De leerlingen op beide scholen lijken zich wat minder competent te voelen in de BYOD-lessen dan in

de reguliere lessen. Ook voor hen is het wellicht onwennig geweest.

Op beide scholen blijkt een aanzienlijke groep van de leerlingen erg positief over de BYOD-lessen en

zij ervaren zelf positieve effecten op hun motivatie, ict-vaardigheden en zelfs ict-gebruik thuis. In de

uitrolfase van het project, 2013-2014, oordelen op al deze punten meer leerlingen positief. Hieruit blijkt

dat de pilot een duidelijke doorwerking heeft gehad.

5.6. Tot besluit

Het project School-IT laat zien dat het inzetten op BYOD bij de leerlingen duidelijk aanslaat. Er is

sprake van een positief effect op de motivatie, leerlingen vinden de lessen aanzienlijk leuker en het

draagt volgens hun eigen zeggen bij aan hun ict-gebruik en ict-vaardigheden. Dit lijkt niet alleen een

korte termijn effect, de reacties van de leerlingen in de verbredingsfase zijn nog positiever. Natuurlijk

is dan nu nog niet bekend of er geen gewenning gaat optreden op de langere termijn. Een

aandachtspunt is het gevoel van competentie van leerlingen. De ict-vaardigheden van leerlingen

verschillen en ook de mediaprofielen: niet elke leerling is een netwerker of producer. Het inzetten van

eigen devices doet een beroep op de ict-vaardigheden en –houding van de leerlingen.
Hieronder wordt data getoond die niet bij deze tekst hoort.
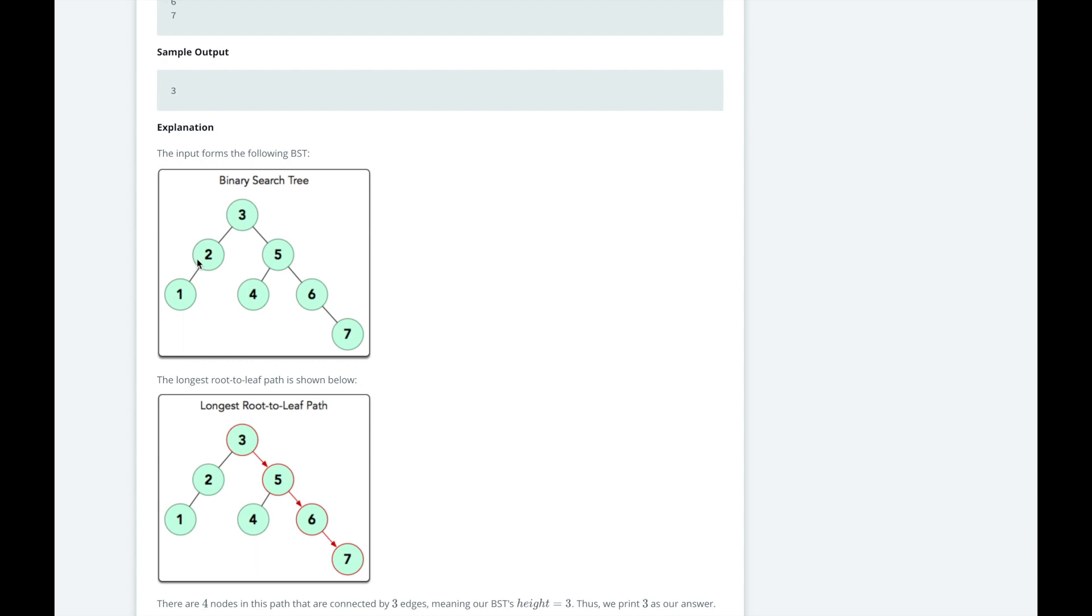So, you can see here 2 is less than 3, and 5 is greater than 3, so they're organized on the left and right respectively.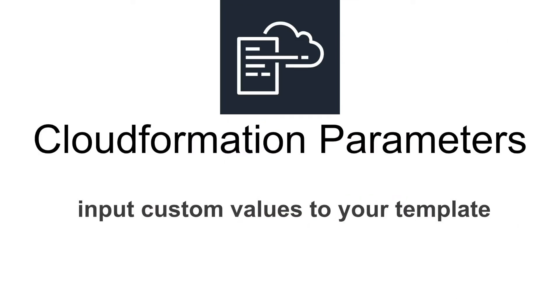Hello everyone. In this video we will talk about CloudFormation parameters. With parameters you can input custom values to your CloudFormation template.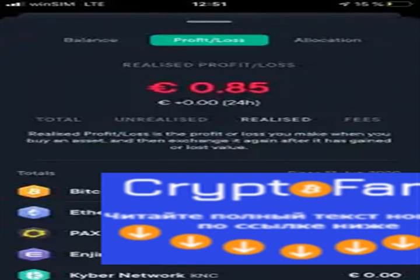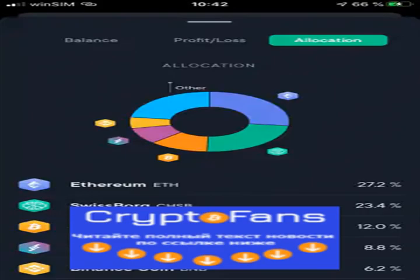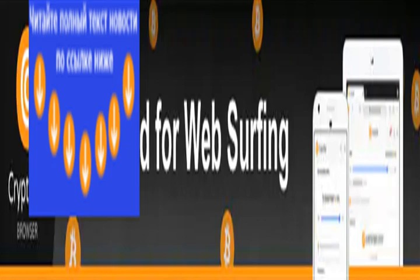The balance overview shows the total of all profits and losses — it is a summary of your current statement. The profit/loss overview shows you the total P/L and distinguishes between realized and unrealized P/L, as well as the fees that have been paid.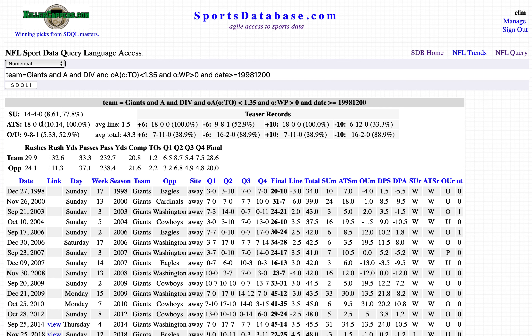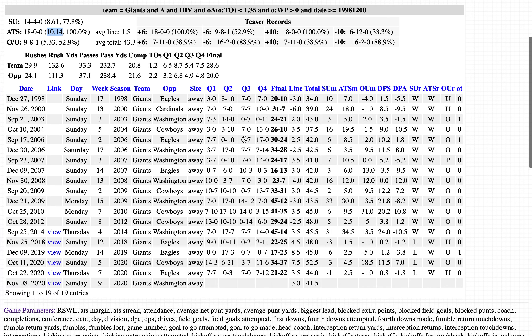The New York Football Giants: 18-0, covering by an average of more than 10 points per game.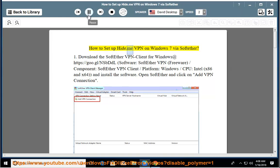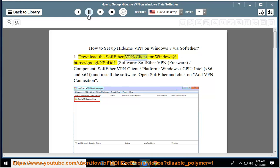How to set up Hide.me VPN on Windows 7 via SoftEther. Step 1: Download the SoftEther VPN client for Windows at https://goo.gl/nsbddl.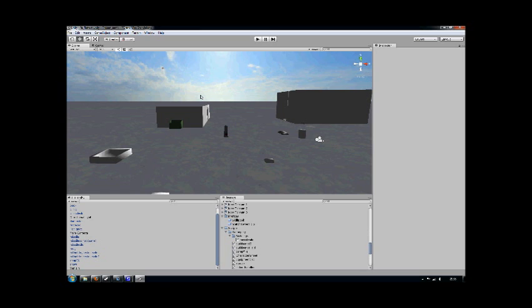I toyed with a lot of different programs to get the ones that I use now which are GIMP for my texture editing, then I use Blender for my 3D modelling, and Unity as my actual engine.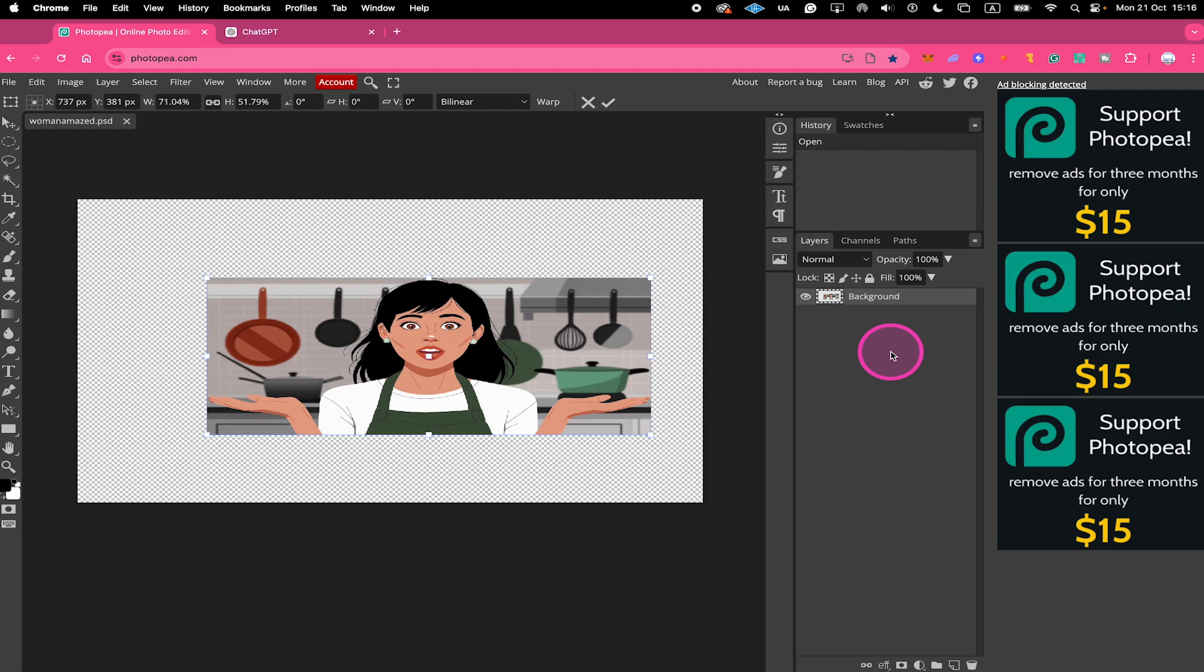And that's it guys, this is how you resize images in Photopea. If you enjoyed this tutorial, make sure to smash the like button and subscribe to my channel for more Photopea tutorials.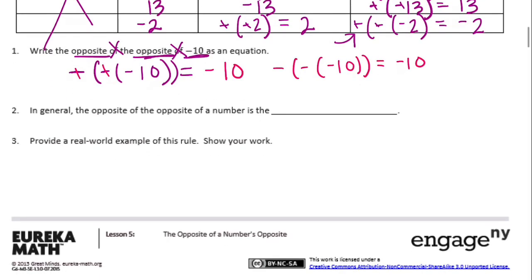In general, the opposite of the opposite of a number is the original number — it's just what we started with.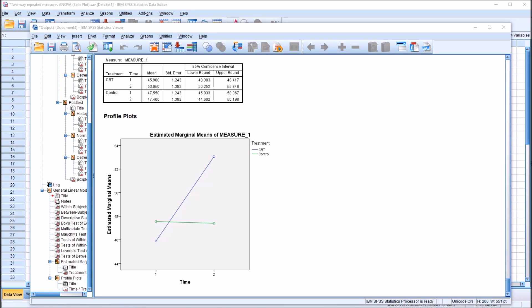I hope you found this video on performing a split plot ANOVA in SPSS to be useful. Thanks for watching.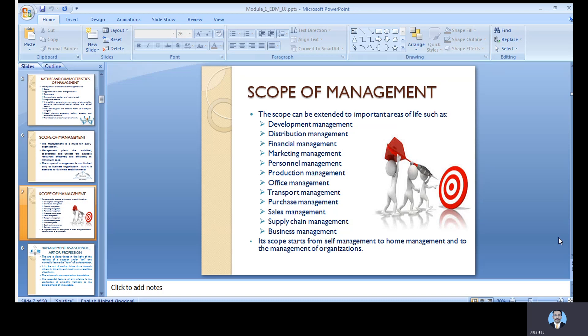The scope of management starts from self-management to home management and then to the management of the organization. Every individual has to keep track of all these things and work together to achieve the objectives and goals of the organization. That concludes today's session, and we will continue with more interesting topics in the next upcoming session. Thank you.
Om te

voorkomen dat de leerlingen zich minder competent voelen in de BYOD-lessen, is het van belang

rekening te houden met de verschillen in vaardigheden en houding tussen de leerlingen. Ook het

verschil in (de kwaliteit van) devices waarover de leerlingen beschikken, blijkt een aandachtspunt.

De leraren hebben in dit project veel zelf uit moeten vinden, conform de opzet van dit project. In het

eerste jaar zijn ze daarbij aangelopen tegen een soms nog tekort schietende ict-infrastructuur. Ook

bleek het vinden van geschikte en zinvolle ict-toepassingen niet gemakkelijk, zeker niet bij een nog

niet sterk gearticuleerd onderwijsconcept voor BYOD. Gerichte ondersteuning in de verschillende

fasen van experimenteren en implementeren, lijkt wenselijk, mede vanuit het besef dat de

ondersteuningsvragen variëren al naar gelang de fasen. De behoefte aan een gedragen, schoolbrede

visie op leren met ict en de vertaling in wat dit betekent voor de inrichting van de (vak)lessen, is bij

veel leraren groot. Ook de behoefte aan kennisuitwisseling is bij de leraren duidelijk aanwezig, maar

allereerst laagdrempelig, op een concreet niveau, in de eigen school. Hier zou de schoolleiding sterk

op in moeten zetten en wellicht dat van daaruit de behoefte ontstaat verbindingen te maken met

anderen, buiten de school en zelfs in het buitenland.